Bought my Rigid in July, use it maybe three times a week to cut blanks, almost always 4/4 lumber. Maybe 15 minutes of run time a week.
Had a friend coming over to trim some red oak, so thought I would raise the blade a little. Nada…
Handle got real tight and no blade movement. Tried moving it down, and it went, but got tight again. Now no movement and I noticed the handle was moving out of the saw.
Stopped and took off the back cover to find the chrome plated handle worm shaft out of its backside cast carrier, wedged under the cast gear attached to the motor. All wedged and going nowhere. What to do? Either haul it back to HD or see if I got an easy fix? This thing is hundreds of pounds, and takes hours to assemble!
I decided to try and remove the chrome shaft. After two hours, lifting the motor off its fixed rider and making the motor cast gear clear the chrome worm shaft, I found that I could pull the shaft. Found that the weight of the motor on the shaft had also put a slight bend in the chrome shaft. That I was able to straighten rather easily. But why did it work out of its carrier? Turns out the shaft is held in only with two C clips one on each of the cast carrier hole, both of which were gone, sucked away by my vacuum system. I did find one flat washer in the vacuum chamber, and one was bent up in the worm. This was a true WTF moment… There was relatively small amounts of wood dust in the saw, but I found some sawdust bound in the chrome worm, which maybe hurt, but no vacuum would have sucked out that dust which was mixed with the factory grease in the worm.
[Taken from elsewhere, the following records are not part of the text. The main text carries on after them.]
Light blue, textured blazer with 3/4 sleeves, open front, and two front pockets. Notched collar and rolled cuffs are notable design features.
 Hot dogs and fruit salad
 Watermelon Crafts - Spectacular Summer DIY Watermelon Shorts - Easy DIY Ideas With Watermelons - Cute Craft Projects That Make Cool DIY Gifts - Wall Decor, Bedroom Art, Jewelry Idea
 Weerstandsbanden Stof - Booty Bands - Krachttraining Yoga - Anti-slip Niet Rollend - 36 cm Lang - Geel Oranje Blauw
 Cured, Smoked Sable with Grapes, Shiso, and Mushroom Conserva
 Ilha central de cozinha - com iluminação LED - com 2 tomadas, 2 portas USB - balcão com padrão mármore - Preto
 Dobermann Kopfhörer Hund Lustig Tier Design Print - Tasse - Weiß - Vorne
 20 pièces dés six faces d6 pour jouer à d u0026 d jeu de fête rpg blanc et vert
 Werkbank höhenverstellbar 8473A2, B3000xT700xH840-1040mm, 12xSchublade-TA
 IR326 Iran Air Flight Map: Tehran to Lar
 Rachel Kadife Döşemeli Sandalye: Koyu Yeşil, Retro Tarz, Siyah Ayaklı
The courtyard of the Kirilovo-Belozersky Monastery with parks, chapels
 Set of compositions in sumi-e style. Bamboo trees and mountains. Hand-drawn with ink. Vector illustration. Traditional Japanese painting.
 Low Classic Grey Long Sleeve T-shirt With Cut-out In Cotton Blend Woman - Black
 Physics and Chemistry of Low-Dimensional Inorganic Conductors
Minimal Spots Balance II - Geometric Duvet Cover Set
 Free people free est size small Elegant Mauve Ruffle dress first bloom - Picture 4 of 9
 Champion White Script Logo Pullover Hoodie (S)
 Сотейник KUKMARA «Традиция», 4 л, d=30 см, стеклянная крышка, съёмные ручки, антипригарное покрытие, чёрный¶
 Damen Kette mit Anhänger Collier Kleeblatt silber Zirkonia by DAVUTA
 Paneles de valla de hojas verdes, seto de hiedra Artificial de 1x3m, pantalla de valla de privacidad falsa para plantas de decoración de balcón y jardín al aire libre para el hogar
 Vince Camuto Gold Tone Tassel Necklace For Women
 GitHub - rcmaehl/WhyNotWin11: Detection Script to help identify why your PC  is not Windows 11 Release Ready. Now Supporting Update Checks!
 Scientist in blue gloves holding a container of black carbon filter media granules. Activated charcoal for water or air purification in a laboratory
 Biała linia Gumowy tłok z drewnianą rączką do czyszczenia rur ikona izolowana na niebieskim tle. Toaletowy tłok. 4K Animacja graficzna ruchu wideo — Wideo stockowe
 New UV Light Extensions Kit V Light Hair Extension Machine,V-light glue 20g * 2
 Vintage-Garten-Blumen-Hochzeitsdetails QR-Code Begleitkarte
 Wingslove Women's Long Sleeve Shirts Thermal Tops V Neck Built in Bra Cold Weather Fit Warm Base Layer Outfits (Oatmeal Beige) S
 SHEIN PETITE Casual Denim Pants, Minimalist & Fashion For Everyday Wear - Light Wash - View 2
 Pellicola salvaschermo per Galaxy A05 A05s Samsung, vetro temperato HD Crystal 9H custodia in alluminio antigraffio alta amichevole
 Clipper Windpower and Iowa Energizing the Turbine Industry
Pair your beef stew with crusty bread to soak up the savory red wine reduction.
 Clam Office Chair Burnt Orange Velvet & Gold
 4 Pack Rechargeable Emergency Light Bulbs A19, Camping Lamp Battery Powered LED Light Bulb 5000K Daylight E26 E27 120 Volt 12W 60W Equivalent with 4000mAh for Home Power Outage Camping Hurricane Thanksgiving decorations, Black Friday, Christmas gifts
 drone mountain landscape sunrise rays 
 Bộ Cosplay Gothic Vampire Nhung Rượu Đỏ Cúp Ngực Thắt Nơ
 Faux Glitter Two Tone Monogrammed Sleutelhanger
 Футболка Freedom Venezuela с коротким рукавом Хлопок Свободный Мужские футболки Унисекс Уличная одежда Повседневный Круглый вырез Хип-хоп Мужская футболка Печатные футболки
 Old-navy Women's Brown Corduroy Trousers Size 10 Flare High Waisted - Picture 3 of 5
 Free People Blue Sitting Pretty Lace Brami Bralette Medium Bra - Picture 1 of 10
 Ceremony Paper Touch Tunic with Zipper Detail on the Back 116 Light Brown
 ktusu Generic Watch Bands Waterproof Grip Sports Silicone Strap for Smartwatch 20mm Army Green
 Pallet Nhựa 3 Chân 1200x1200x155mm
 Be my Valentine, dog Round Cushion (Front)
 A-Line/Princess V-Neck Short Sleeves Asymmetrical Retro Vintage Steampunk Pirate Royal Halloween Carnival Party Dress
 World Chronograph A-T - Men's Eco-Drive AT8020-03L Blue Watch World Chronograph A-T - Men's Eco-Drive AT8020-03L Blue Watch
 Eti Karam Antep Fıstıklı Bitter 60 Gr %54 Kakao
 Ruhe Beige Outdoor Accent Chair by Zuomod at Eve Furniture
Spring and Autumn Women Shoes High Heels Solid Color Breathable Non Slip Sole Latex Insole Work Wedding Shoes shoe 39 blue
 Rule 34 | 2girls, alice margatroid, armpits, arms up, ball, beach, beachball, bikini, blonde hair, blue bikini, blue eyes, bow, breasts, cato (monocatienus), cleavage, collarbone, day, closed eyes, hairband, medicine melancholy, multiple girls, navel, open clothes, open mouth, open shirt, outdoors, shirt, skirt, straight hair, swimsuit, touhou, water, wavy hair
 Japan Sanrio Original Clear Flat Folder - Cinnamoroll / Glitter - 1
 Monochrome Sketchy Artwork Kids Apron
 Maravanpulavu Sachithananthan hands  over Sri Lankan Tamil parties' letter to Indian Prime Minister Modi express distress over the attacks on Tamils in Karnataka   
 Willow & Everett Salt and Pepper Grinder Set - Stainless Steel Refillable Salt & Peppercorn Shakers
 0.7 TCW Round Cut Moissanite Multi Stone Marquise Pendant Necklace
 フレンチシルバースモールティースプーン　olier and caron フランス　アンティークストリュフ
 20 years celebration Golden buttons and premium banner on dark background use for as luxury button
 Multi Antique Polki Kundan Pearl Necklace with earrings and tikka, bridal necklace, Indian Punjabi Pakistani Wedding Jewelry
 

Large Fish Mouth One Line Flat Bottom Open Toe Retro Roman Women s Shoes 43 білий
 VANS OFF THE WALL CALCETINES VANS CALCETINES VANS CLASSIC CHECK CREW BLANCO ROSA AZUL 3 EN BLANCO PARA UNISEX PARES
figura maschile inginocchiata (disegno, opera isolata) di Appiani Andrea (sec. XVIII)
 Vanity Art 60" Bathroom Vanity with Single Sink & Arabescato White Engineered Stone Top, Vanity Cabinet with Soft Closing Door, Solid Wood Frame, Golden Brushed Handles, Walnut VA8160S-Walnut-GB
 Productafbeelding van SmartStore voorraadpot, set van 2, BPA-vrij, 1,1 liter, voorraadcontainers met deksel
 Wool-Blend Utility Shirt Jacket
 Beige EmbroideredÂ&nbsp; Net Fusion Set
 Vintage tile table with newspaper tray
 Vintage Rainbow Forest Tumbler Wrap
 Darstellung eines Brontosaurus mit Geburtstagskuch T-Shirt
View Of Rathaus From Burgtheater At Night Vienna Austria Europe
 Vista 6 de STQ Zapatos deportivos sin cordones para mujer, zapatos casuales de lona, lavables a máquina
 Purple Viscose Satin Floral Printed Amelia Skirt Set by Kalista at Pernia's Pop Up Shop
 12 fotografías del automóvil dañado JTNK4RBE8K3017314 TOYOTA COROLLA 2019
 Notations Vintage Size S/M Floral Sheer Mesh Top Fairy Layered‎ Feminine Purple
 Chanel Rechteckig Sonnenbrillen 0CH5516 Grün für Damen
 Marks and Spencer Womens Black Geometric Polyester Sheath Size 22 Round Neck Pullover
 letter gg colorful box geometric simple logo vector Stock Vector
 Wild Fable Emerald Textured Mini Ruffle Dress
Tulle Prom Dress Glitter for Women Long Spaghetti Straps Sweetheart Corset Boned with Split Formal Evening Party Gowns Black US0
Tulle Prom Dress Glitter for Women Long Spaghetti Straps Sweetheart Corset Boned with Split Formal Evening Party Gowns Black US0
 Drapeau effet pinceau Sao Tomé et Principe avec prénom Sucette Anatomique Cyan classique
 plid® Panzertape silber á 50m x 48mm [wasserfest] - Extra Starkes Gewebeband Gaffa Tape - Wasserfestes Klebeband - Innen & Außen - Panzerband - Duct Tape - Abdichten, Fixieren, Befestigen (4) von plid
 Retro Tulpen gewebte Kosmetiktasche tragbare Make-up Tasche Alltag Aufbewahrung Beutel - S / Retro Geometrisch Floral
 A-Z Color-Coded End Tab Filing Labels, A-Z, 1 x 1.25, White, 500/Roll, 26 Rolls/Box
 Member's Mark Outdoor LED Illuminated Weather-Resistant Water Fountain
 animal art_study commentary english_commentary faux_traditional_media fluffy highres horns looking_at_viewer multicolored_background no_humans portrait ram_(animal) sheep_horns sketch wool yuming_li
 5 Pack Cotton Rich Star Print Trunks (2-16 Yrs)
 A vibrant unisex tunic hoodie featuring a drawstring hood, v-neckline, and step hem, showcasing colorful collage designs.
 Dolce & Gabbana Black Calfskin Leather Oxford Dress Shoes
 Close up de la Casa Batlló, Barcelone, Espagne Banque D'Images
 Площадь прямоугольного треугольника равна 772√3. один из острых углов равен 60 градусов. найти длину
I plan on visiting my HD with receipt and chrome shaft in hand tomorrow, wanting an explanation on why the C clips came off. I also want to know if HD is prepared to do anything for me, since I am not really equipped to haul a used multi-hundred pound saw back, get another, and have to go back through all the reassembly. This saw is five months old with maybe three-four hours on it. I don’t even lower the blade after cuts, allowing the guard to protect the blade. More later!